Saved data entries
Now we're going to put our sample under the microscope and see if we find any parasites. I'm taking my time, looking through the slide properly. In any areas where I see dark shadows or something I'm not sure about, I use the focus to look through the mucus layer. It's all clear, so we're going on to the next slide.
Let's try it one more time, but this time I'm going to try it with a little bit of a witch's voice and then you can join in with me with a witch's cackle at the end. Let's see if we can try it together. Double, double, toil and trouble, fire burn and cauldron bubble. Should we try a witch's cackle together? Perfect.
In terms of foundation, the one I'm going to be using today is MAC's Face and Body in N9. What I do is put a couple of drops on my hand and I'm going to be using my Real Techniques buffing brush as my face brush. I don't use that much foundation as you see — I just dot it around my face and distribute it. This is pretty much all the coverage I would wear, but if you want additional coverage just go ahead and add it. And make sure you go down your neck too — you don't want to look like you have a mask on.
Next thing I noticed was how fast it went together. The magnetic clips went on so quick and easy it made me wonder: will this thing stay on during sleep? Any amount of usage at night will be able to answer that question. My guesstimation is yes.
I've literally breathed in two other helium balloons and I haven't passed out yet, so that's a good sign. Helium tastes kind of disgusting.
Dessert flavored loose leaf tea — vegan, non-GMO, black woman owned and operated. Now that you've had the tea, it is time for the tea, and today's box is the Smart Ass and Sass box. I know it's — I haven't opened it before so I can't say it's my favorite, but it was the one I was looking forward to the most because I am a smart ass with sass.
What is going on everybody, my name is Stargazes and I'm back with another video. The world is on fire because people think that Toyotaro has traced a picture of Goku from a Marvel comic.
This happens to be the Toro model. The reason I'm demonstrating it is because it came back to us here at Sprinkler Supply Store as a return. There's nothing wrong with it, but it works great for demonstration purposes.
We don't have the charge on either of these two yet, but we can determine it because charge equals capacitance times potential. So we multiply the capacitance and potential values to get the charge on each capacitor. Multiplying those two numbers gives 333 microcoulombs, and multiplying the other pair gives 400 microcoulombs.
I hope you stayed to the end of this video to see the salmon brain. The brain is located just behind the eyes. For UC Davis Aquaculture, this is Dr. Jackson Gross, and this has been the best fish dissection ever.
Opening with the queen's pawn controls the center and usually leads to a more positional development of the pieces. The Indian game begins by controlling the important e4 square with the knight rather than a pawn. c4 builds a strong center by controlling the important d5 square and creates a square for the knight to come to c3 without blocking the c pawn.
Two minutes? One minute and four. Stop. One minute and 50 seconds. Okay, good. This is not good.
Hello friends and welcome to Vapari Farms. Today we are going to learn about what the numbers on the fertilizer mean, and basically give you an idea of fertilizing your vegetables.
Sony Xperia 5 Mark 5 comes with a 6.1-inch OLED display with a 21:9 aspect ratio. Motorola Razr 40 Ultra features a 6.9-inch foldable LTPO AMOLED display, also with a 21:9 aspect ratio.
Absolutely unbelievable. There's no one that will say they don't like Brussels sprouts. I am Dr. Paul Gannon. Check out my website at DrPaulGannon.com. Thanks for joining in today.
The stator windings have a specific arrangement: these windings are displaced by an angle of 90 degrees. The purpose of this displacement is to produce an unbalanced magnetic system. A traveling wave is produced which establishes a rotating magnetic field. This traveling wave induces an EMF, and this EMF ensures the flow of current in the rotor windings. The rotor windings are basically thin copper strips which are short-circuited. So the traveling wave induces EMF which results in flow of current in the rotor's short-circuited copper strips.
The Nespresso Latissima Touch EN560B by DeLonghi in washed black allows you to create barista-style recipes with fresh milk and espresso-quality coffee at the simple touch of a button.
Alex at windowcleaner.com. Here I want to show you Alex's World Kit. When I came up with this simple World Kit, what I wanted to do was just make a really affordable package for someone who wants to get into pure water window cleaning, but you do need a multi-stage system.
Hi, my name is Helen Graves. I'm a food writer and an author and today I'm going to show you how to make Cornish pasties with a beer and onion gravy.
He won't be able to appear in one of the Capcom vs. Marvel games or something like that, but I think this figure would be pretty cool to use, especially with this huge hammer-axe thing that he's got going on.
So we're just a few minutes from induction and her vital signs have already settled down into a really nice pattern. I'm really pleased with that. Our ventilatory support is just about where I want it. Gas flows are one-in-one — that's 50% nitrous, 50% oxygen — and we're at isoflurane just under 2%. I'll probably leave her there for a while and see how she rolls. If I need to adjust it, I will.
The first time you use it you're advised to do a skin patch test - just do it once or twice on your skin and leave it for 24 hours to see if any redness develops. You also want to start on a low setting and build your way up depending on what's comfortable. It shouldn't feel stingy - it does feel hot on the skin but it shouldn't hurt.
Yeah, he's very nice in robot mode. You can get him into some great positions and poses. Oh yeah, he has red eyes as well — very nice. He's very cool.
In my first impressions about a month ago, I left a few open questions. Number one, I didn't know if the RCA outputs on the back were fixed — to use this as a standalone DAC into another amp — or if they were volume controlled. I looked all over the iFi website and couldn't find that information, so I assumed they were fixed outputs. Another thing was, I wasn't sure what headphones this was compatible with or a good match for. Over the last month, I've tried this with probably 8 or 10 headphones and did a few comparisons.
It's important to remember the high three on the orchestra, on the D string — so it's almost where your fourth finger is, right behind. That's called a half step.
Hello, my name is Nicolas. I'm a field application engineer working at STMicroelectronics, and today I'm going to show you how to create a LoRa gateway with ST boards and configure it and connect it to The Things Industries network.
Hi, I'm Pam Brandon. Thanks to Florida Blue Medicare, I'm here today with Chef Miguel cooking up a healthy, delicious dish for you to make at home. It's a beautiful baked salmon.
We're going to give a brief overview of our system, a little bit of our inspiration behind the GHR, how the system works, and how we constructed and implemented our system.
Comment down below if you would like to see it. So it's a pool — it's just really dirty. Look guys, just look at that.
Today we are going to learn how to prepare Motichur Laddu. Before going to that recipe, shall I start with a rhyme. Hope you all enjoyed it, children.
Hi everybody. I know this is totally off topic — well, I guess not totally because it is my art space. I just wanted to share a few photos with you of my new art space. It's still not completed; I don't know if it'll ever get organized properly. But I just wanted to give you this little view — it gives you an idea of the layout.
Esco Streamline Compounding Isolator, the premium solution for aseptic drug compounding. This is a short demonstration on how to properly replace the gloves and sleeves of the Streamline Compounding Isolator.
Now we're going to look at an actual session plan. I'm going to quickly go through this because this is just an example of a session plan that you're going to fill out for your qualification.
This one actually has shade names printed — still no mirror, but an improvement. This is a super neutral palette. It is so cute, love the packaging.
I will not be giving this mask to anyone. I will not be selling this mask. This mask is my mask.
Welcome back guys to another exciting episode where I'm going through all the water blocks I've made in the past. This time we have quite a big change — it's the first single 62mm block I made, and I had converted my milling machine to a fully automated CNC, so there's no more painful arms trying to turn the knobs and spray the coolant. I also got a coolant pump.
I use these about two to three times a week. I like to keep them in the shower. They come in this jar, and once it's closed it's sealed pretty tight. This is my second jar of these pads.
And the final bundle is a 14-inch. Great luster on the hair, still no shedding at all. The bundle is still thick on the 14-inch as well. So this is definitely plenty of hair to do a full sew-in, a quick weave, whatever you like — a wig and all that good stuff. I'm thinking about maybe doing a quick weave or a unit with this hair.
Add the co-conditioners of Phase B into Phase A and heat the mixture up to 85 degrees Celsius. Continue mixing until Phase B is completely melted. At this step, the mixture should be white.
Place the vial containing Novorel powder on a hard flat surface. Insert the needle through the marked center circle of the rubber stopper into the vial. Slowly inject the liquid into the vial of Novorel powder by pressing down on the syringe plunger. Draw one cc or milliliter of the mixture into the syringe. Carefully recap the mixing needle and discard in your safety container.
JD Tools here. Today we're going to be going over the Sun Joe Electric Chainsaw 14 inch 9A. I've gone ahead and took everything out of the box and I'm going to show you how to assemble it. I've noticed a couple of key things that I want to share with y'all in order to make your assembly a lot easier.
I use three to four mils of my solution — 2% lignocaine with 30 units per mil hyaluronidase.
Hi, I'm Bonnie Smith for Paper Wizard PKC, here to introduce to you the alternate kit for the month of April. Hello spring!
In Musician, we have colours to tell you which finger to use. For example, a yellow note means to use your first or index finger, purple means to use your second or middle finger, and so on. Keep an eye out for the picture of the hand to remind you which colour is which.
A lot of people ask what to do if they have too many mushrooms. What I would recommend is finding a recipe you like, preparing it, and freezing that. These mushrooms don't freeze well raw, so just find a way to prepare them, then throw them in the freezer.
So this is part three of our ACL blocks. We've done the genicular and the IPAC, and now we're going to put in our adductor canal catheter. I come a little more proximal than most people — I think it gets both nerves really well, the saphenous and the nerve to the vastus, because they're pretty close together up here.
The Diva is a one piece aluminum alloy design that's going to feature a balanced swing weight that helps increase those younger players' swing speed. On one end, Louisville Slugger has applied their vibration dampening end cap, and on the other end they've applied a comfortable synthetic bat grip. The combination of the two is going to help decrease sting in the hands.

Work instructions >> Please give again the lines above between the line holding "Welcome back guys" and the line holding "I use these", inclusive, exactly as they are and with nothing added.

Answer box >>
Welcome back guys to another exciting episode where I'm going through all the water blocks I've made in the past. This time we have quite a big change — it's the first single 62mm block I made, and I had converted my milling machine to a fully automated CNC, so there's no more painful arms trying to turn the knobs and spray the coolant. I also got a coolant pump.
I use these about two to three times a week. I like to keep them in the shower. They come in this jar, and once it's closed it's sealed pretty tight. This is my second jar of these pads.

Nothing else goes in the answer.